▶ **Data extract**:
BEGIN
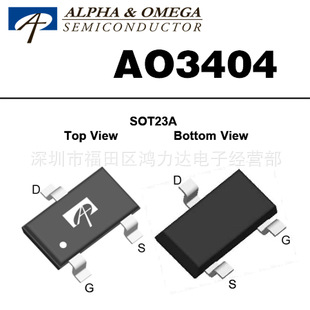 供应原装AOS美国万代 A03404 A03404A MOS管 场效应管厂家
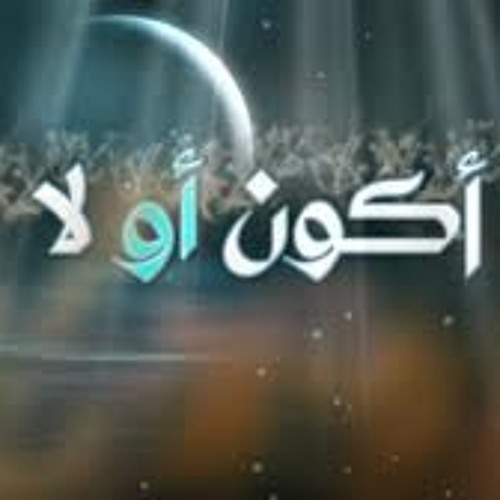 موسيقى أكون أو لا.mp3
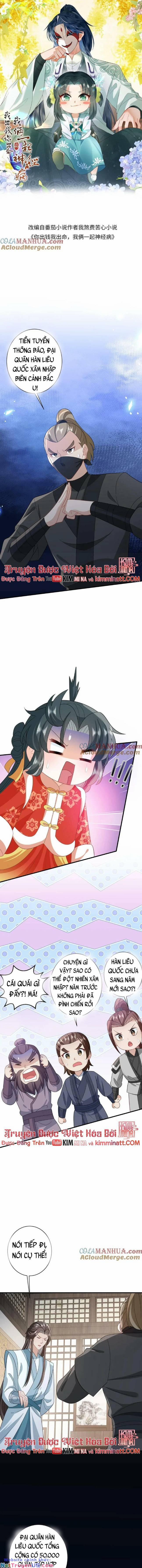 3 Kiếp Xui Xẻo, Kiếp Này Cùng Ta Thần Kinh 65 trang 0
END
BEGIN
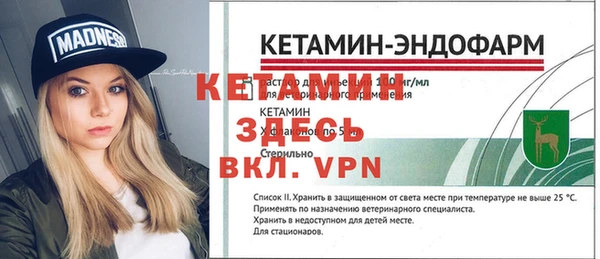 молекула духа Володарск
END
BEGIN
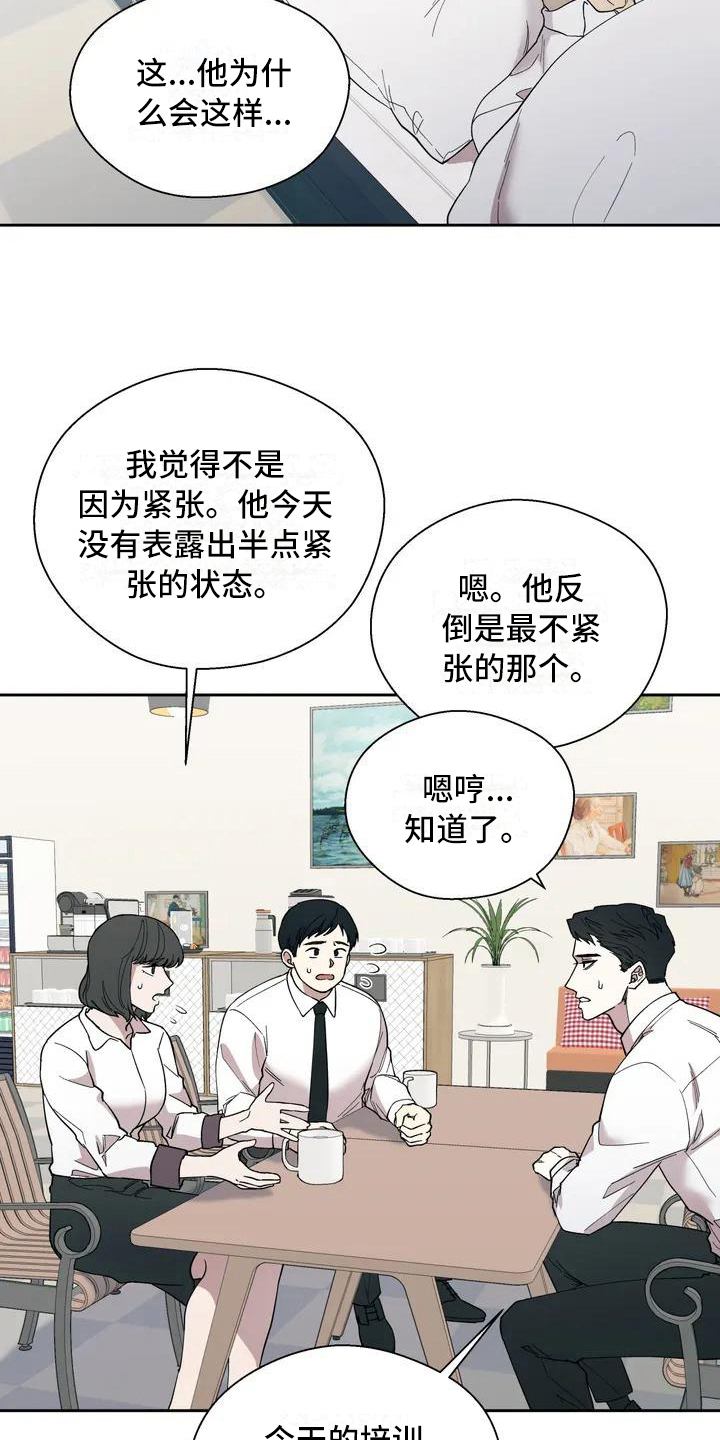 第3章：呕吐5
END
▶ **About this task**: Using the data above, give again exactly the lines starting at the one holding "موسيقى أكون أو لا.mp3" and ending at the one holding "3 Kiếp Xui Xẻo, Kiếp", inclusive, and nothing more. Omit the pictures.

▶ **Written solution**:
 موسيقى أكون أو لا.mp3
 3 Kiếp Xui Xẻo, Kiếp Này Cùng Ta Thần Kinh 65 trang 0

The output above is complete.